これまで海外ではさほど知られていなかった日本の家具。それがここ数年、急激に注目され始めている。その理由とは?
日本を感じさせるデザインのモダンな家具が欧米で評価され始めている。これまで日本の家具が欧米に輸出されることは稀だった。そもそも欧米の椅子やソファーにはそれぞれの国の文化を反映した独自の形が存在するうえ、距離があるので輸送費が嵩む。そのため家具の輸出は限られていたのだ。
こうした流れを、2010年代になってマルニ木工が変えた。まずは深澤直人、ジャスパー・モリソン(英国人)といった著名なデザイナーの起用で国際的に認知度がアップ。
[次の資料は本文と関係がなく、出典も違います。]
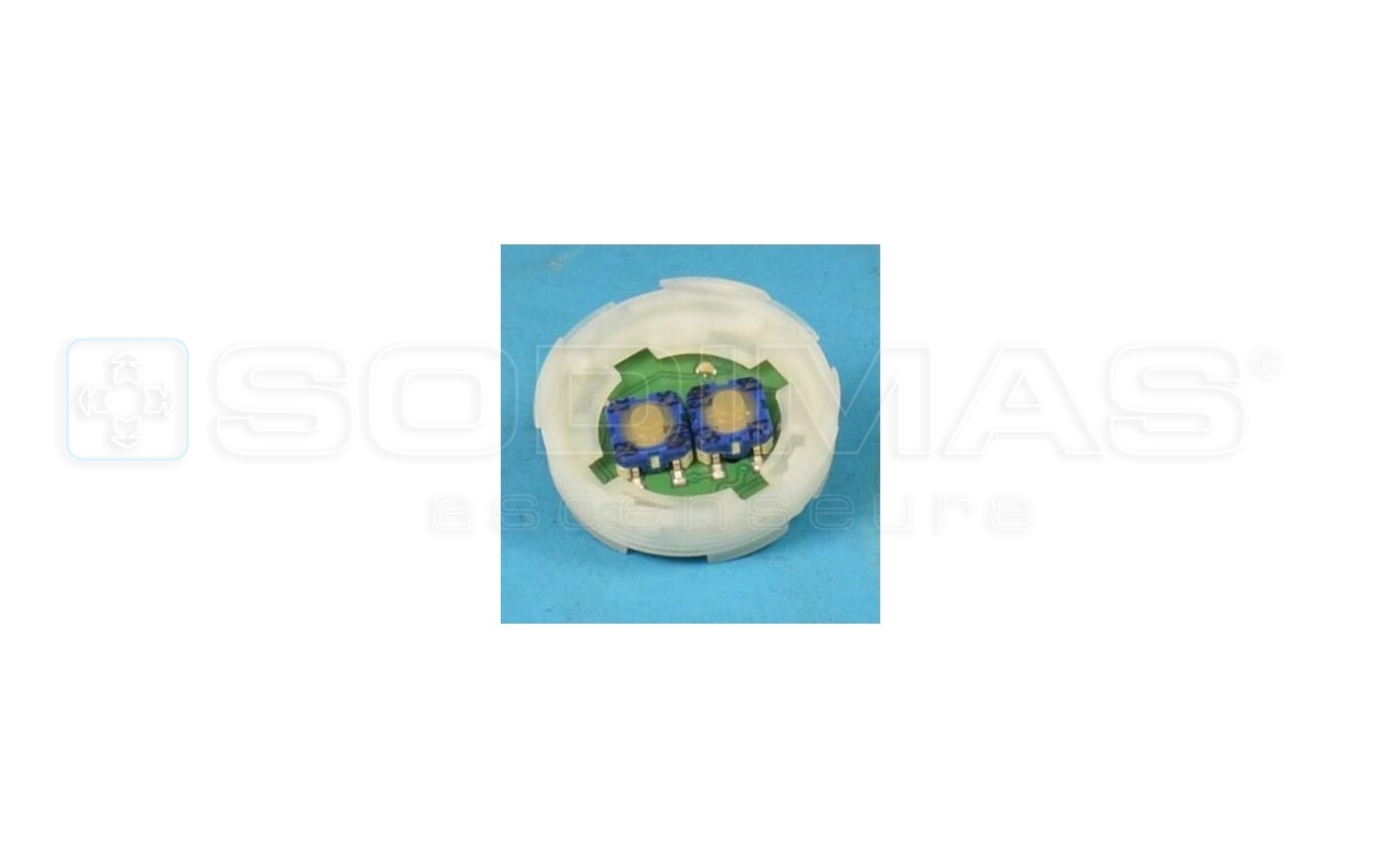 Bouton KSS cabine blanc KM857782G05 Alarme LED ambr&eacute;e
続いて生産の合理化により、価格面でも競争ができるように。さらに2017年、米国のアップル本社に数千脚も採用されたニュースが、大きな追い風となった。今ではマルニ木工の海外売り上げは全体の10%にもなり、ミラノサローネなど国際見本市でも重要なブースが与えられるようになっている。もっともマルニの家具では、日本企業のモノ作りのレベルの高さは評価されているものの、デザインはアノニマスなもので、けして日本的とはいえない。
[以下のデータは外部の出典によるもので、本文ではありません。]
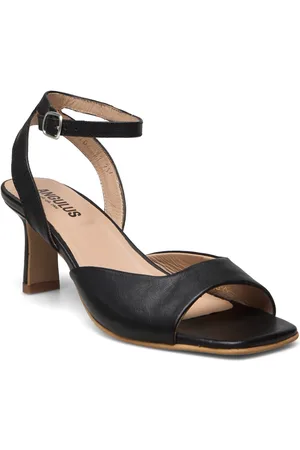 ANGULUS Sandals - Block Heels Black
それがここにきて、さらに変化が起きている。日本の伝統意匠に縁を感じさせるデザインのカリモクケーススタディ(カリモク家具)の家具が、海外メディアで盛んに取り上げられているのだ。日本人と親日家のデンマーク人の建築家が、日本の住宅などの空間に合うようにデザインした同コレクションの家具は、これまでの国産家具とは発想が大きく異なるもの。それでいて、意外と北欧建築にもマッチしているのが興味深い。
タイムアンドスタイルも、数年前から日本の伝統的な技術・意匠の家具に取り組んできた。なかでも特徴的なのがキャビネットだ。その個性がイタリアの大手家具ブランドの目に留まり、Time & Style editionという名前の新コレクションが誕生した。既に海外にある同ブランドの店舗に並んでいるという。
これまで海外デザインの模倣も多かった日本の家具業界。そんな中で、自国の文化にデザインのルーツを持つブランドが増えているのはあるべき姿だと思う。しかも国際的に評価されているのは、嬉しいことだ。